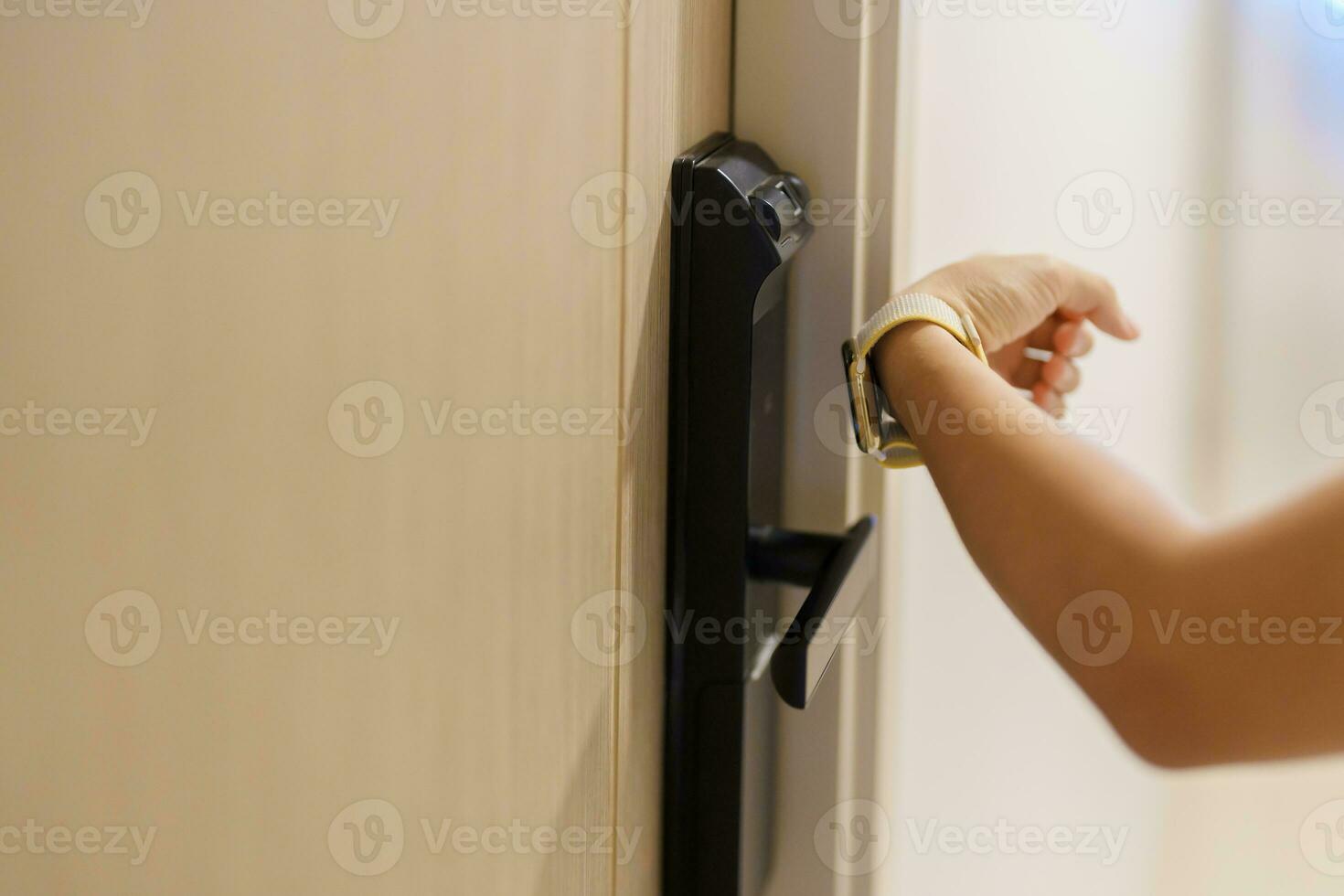 Hand using smartwatch for open digital door lock at home or apartment. NFC Technology, Fingerprint scan, keycard, PIN number, smartphone, electrical and contactless lifestyle concepts photo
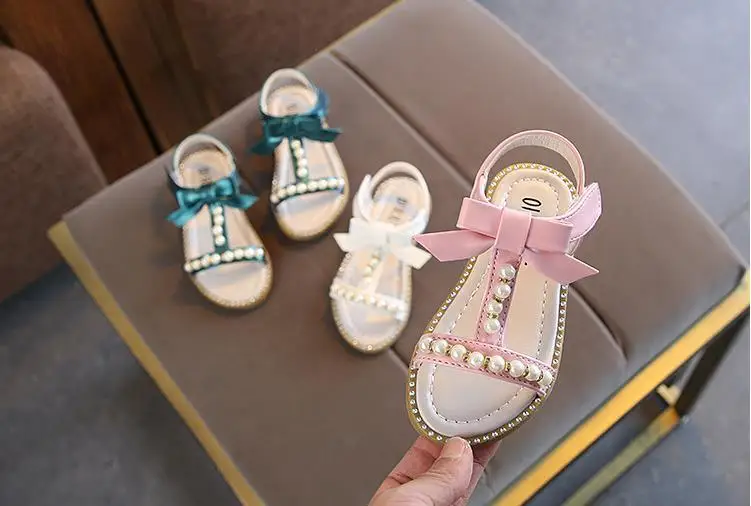 Летние модели детские сандалии девушки принцесса красивый бриллиант лук обувь дети плоские сандалии для маленьких девочек римская обувь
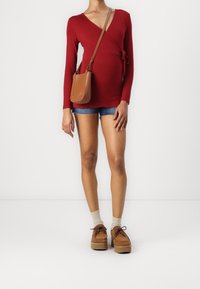 Rote langärmlige Wickeltop mit Seitenschnürung, kombiniert mit Denim-Shorts. Braune Umhängetasche, hellbraune Plateauschuhe und beige Socken.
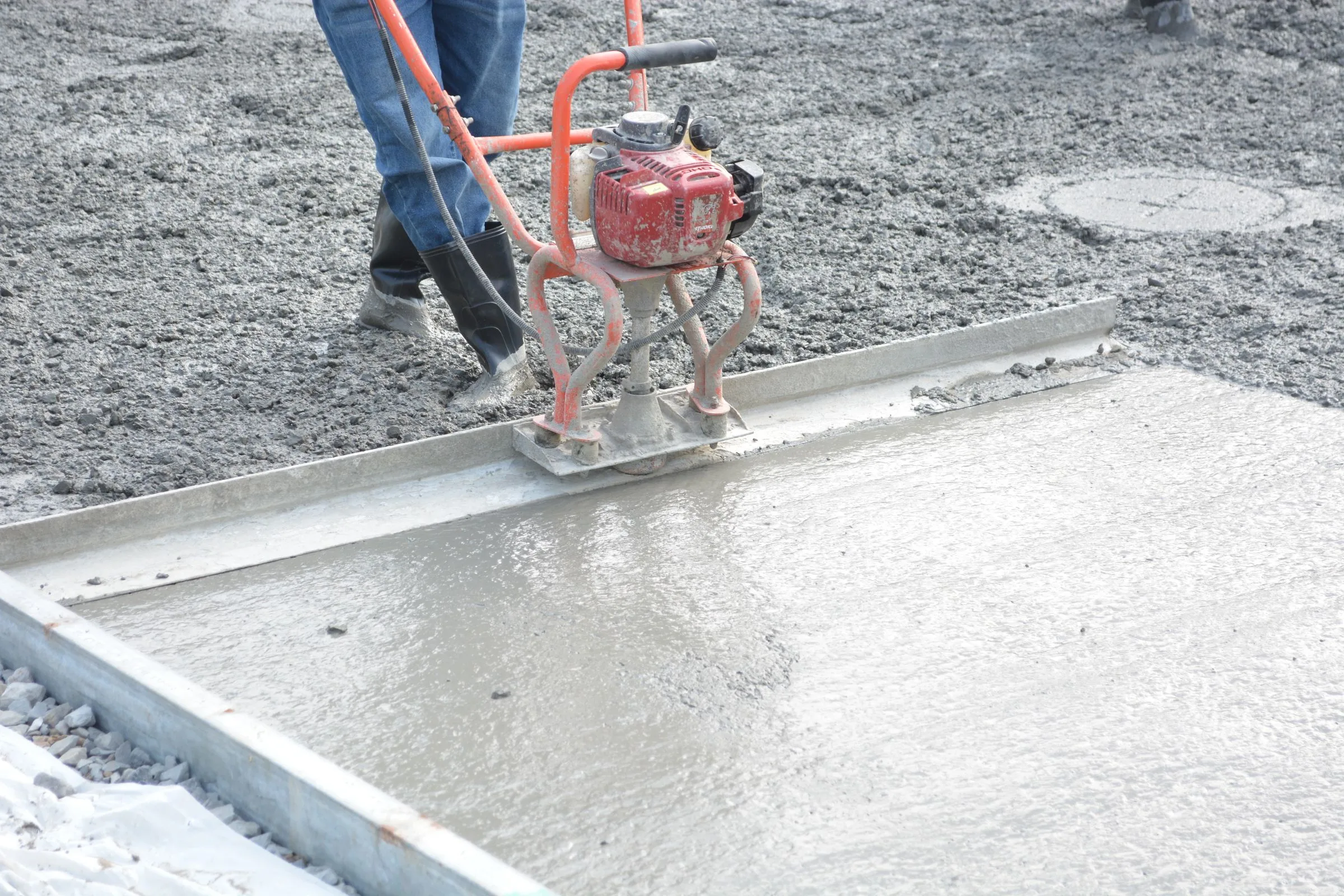 Illustrative power trowel finishing a fresh concrete slab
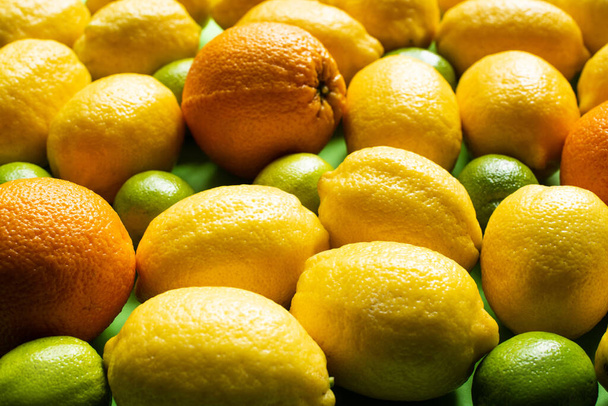 κοντινή προβολή φρέσκων ώριμων λεμονιών, πορτοκαλιών και γλυκολέμονων - Φωτογραφία, εικόνα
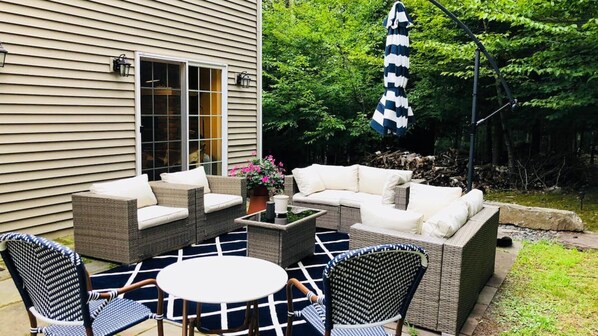 An outdoor patio with wicker furniture, a round table, and a striped umbrella. - Majestic estate in the mountains, over two acres of park-like land,... (Prattsville)
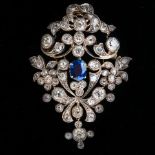 A 19th Century sapphire and diamond brooch or pendant, of pierced openwork floral design, centred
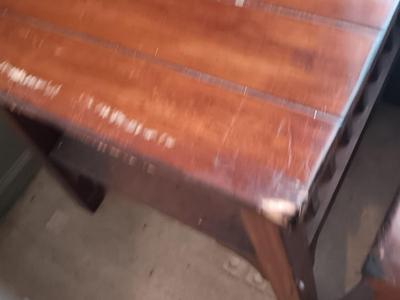 Two wooden end tables - one has damage on the corner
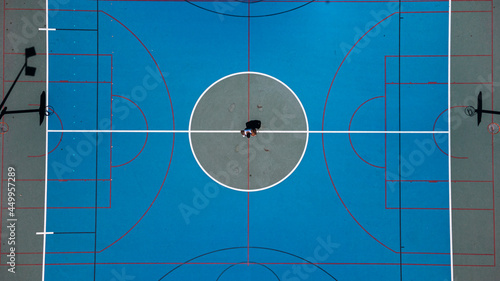 Toma de drone en cancha de baloncesto con un chico en medio de ella  photo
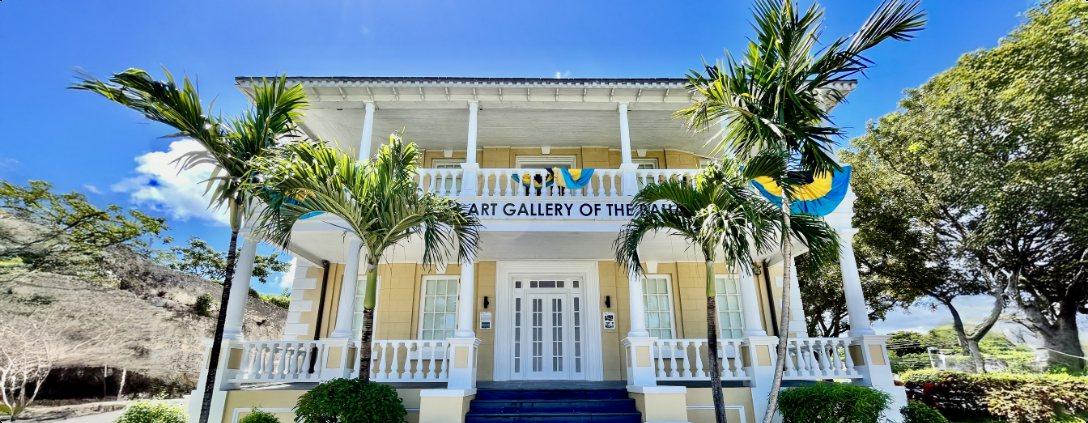 A wide view of the yellow and white colonial villa of the National Art Gallery, among palms.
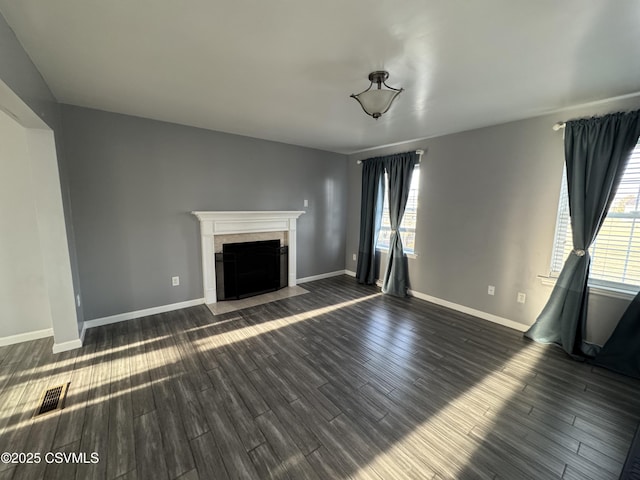 unfurnished living room with plenty of natural light and dark hardwood / wood-style flooring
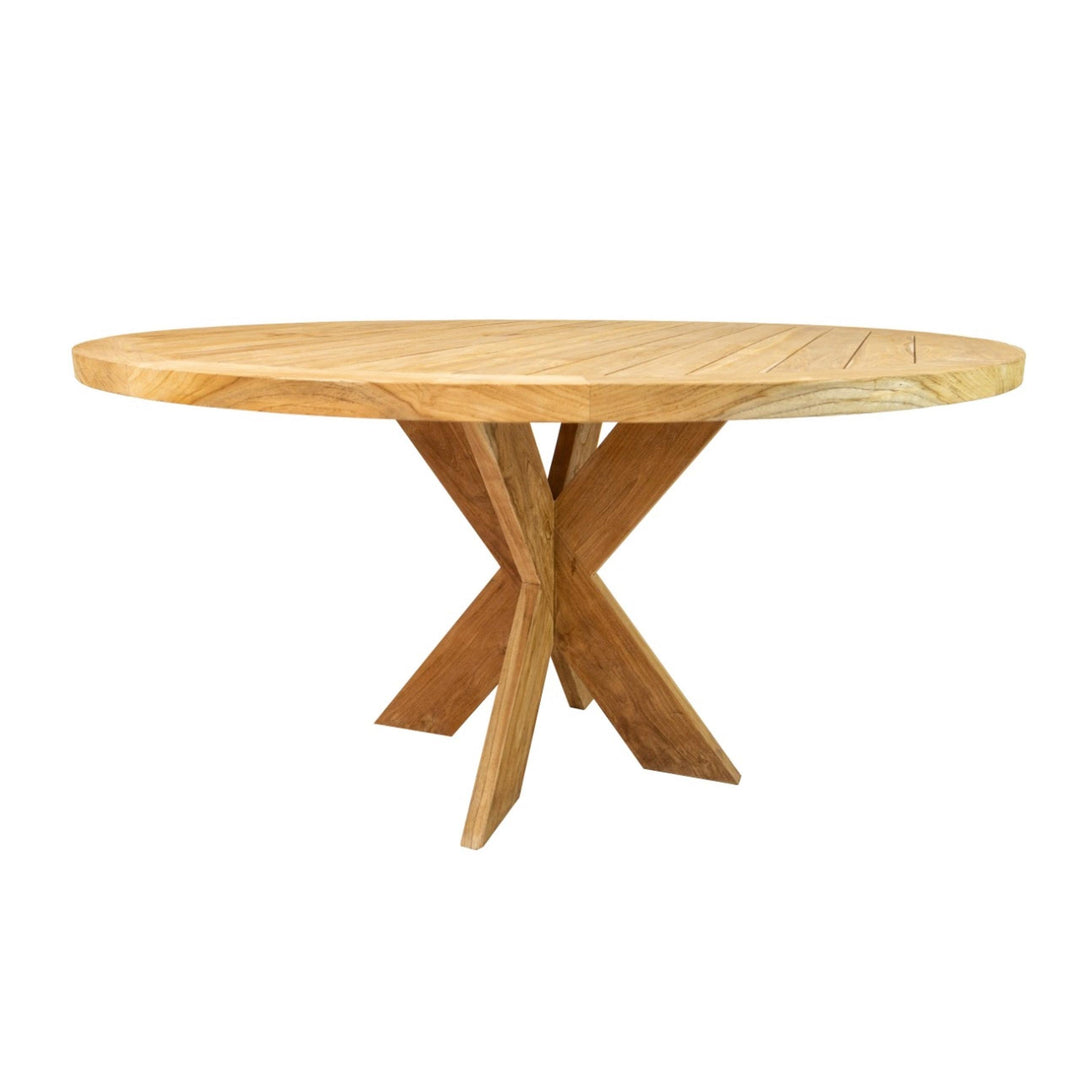 Side angle of the teak Tongariki table styled with dining chairs.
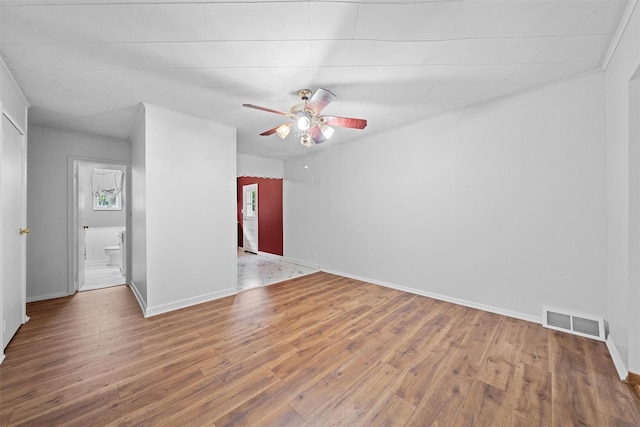 empty room featuring ceiling fan, wood finished floors, and baseboards
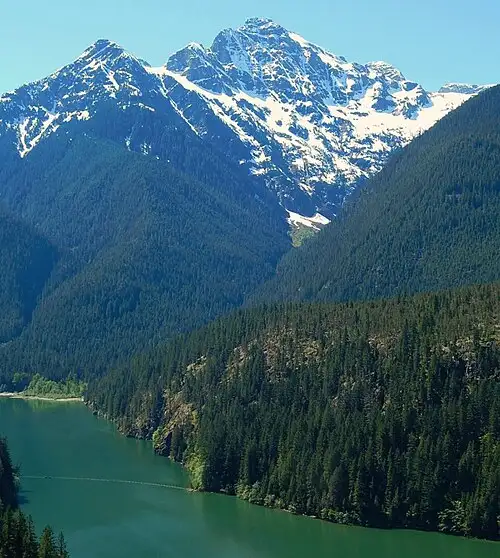 Turquoise Diablo Lake below Colonial Peak in North Cascades National Park, the glacial rock-flour color lit by the sun.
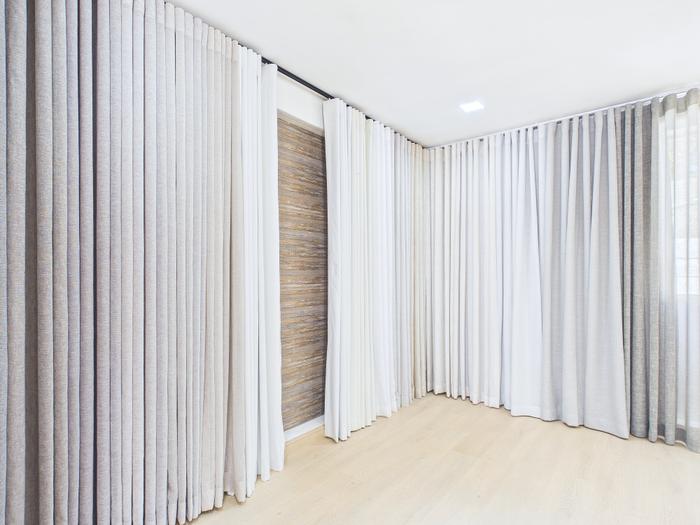 Close detail of a wave-heading curtain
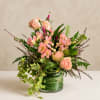 Pink roses and lilies in a glass vase with trailing ivy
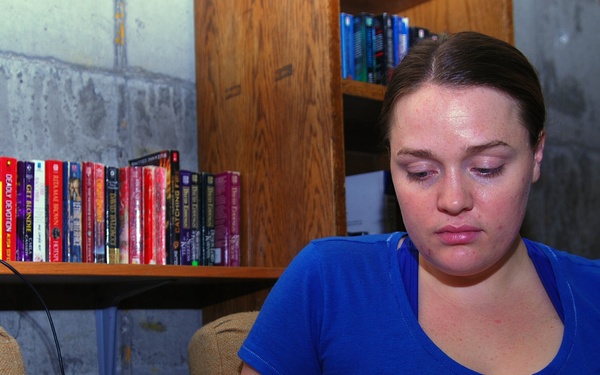 A young woman with dark hair pulled back is seated in a beige armchair reading a paperback book. She is wearing a blue t-shirt and appears focused on her reading. The setting appears to be a basement or utility room with concrete walls, a wooden bookshelf filled with numerous paperback books visible in the background.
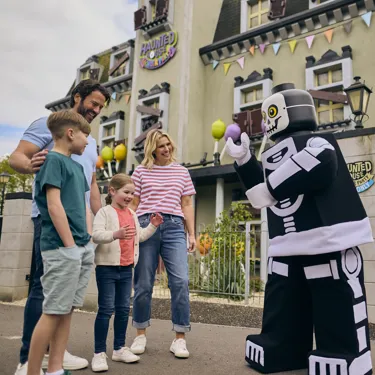 Family meeting Skeleton Guy outside of Haunted House Monster Party
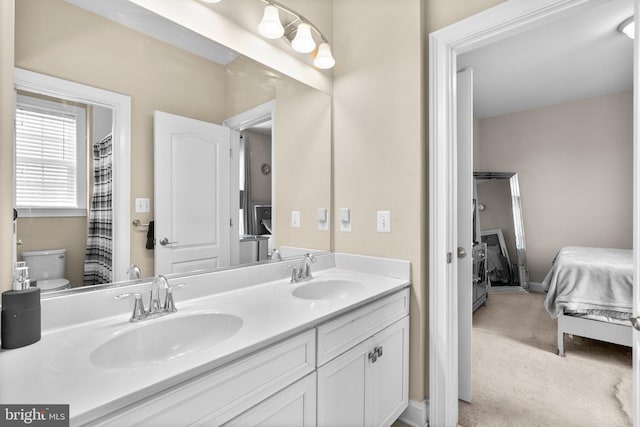 bathroom featuring ensuite bath, toilet, double vanity, and a sink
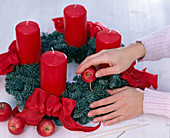 Nobilis wreath decorated in red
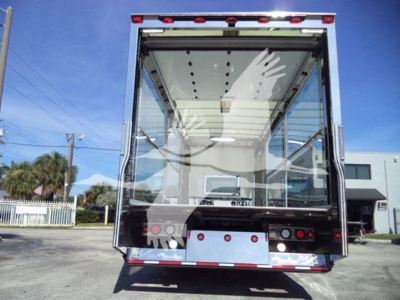 Kenworth T280 rollback truck rear view showing cargo area and rear doors.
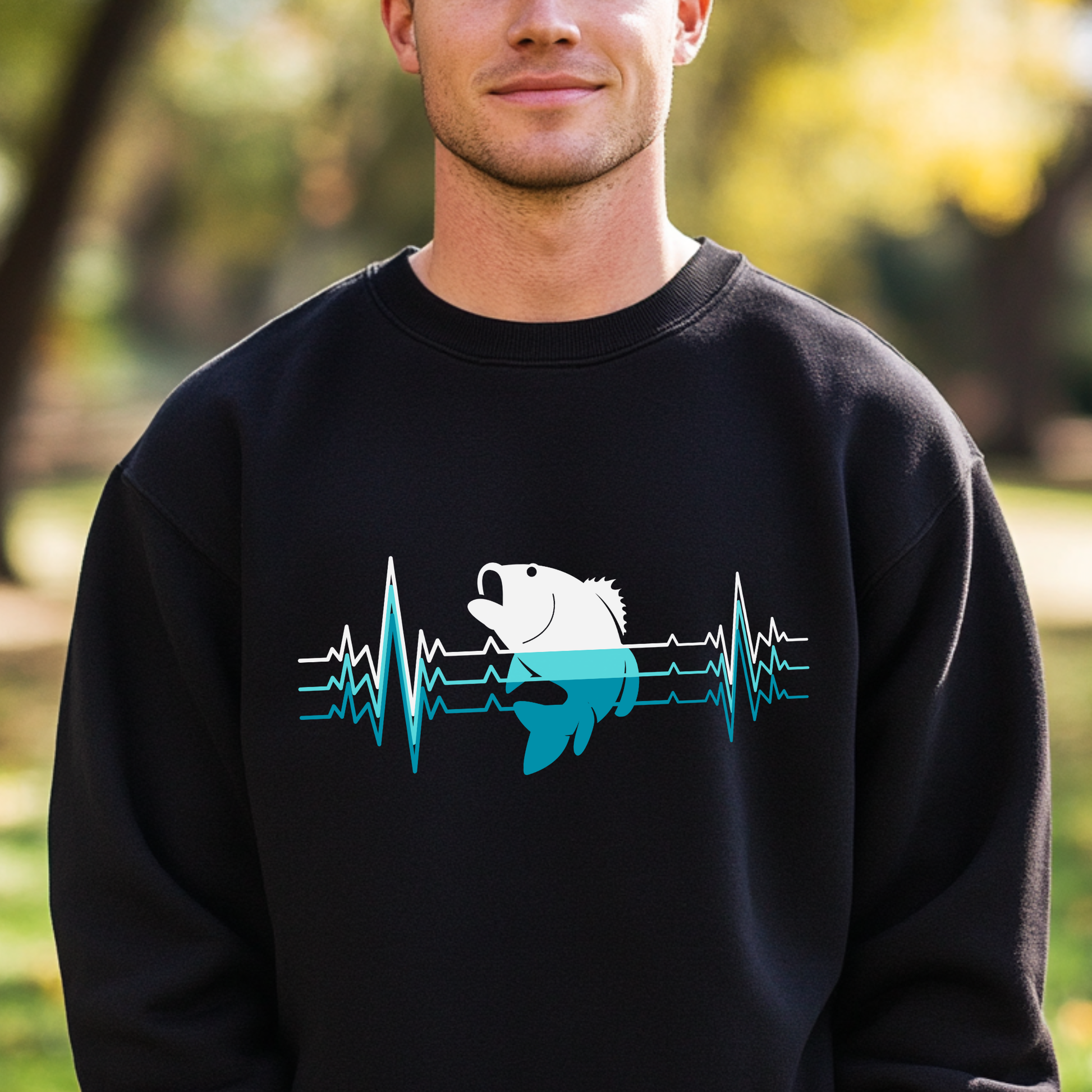 Person wearing a black sweatshirt with a fish and heartbeat design outdoors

(WHAT YOU HAVE TO DO): Begin at the line that contains "Family meeting Skeleton" and transcribe every line through the end of the listing, exactly as written. Omit the pictures.

(SOLVED EXERCISE):
 Family meeting Skeleton Guy outside of Haunted House Monster Party
 bathroom featuring ensuite bath, toilet, double vanity, and a sink
 Nobilis wreath decorated in red
 Kenworth T280 rollback truck rear view showing cargo area and rear doors.
 Person wearing a black sweatshirt with a fish and heartbeat design outdoors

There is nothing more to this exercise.